If enough time has passed and you’ve accepted responsibility, you’ll probably try to move on with your life, and that mistake won’t define everything you do afterward — especially when it comes to a choice you made simply to get yourself out of misery. It will probably stay in the back of your mind, but generally what happens with truly selfish people is that they immediately justify themselves and refuse to take any kind of responsibility, even when they aren’t facing starvation or any real threat.
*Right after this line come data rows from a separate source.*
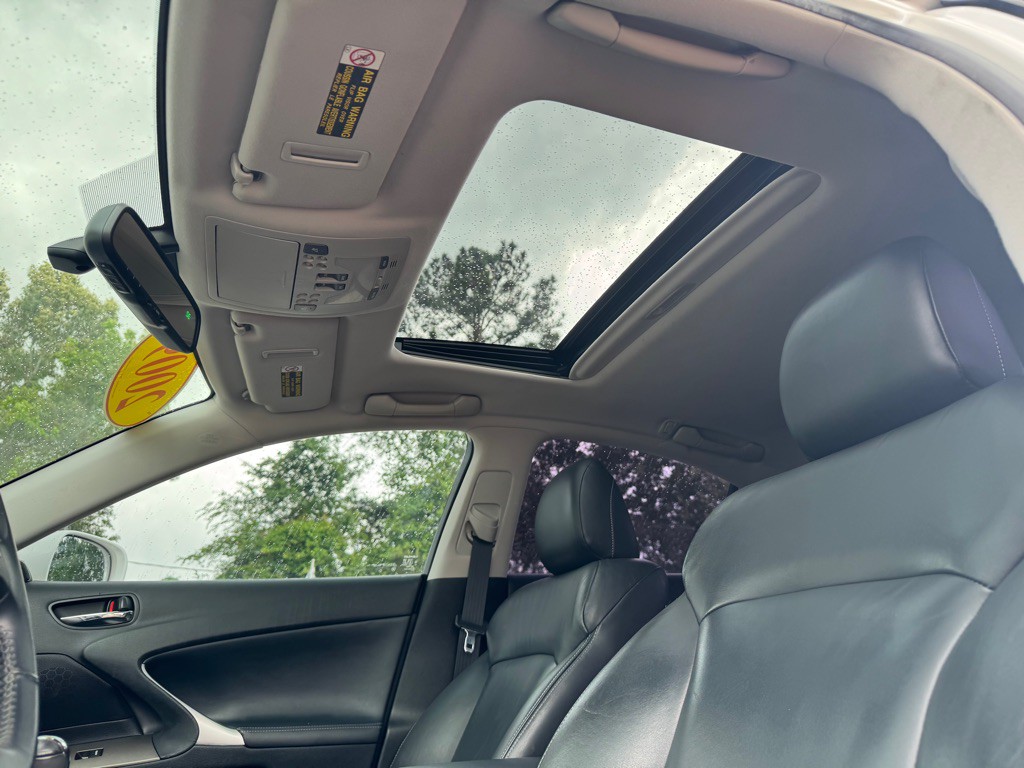 2009 Lexus IS Image 11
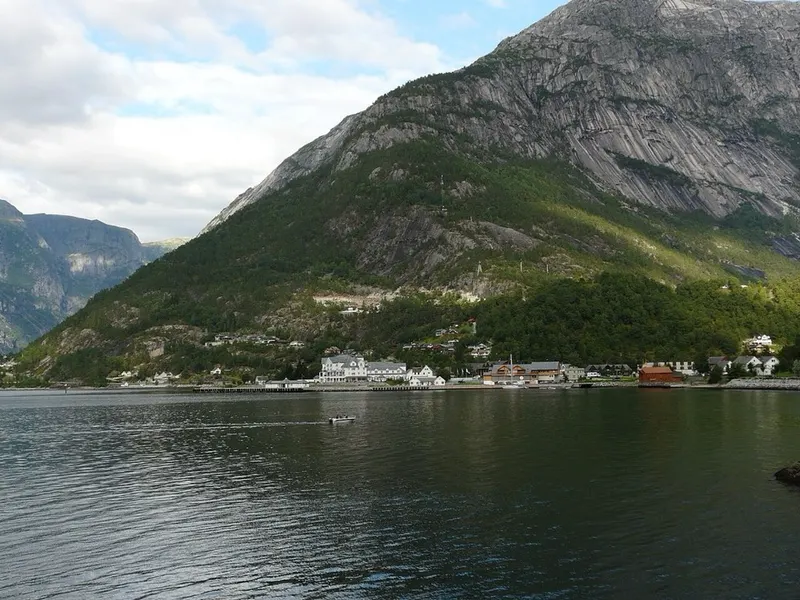 From Eidfjord. The picture does not show the market itself.
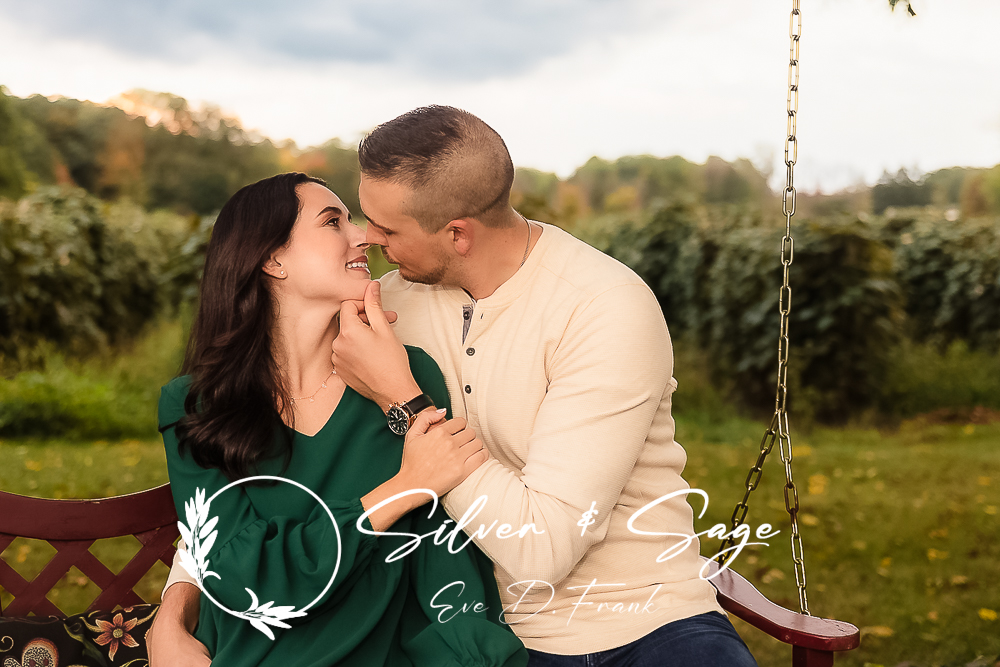 Engagement Photo Poses - Engagement Posing Ideas - Engagement Photoshoot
Jinu’s sense of self is completely twisted by his guilt and shame, and he’s painfully aware of what he did. He doesn’t justify himself at all. When he lies about what happened, it’s because he’s facing a hunter who is threatening to send him back to hell (in their first meeting). After that, he becomes emotionally involved, but even when Rumi offers him a justification — saying he was just trying to help his family — he rejects it and insists it’s more complicated. In the end, he admits the truth and uses it to prove to both himself and Rumi that he’s a monster.
I’m not saying any of this is healthy. What I’m saying is that Jinu is unequipped to help himself in any meaningful way. He’s being tortured by a powerful, mind-controlling deity, and all he wants is for the pain to stop. I said before that the only redemption he can access is sacrifice, because the redemption he needs is with himself first and foremost — and I don’t think he’d ever be able to enjoy his time away from Gwi-ma knowing that his little sister died of hunger.
I hope he comes back at some point in the story, because after you’ve given everything, you also deserve to heal. It’s important that people who made terrible mistakes heal, just as much as it is that people affected by generational trauma heal.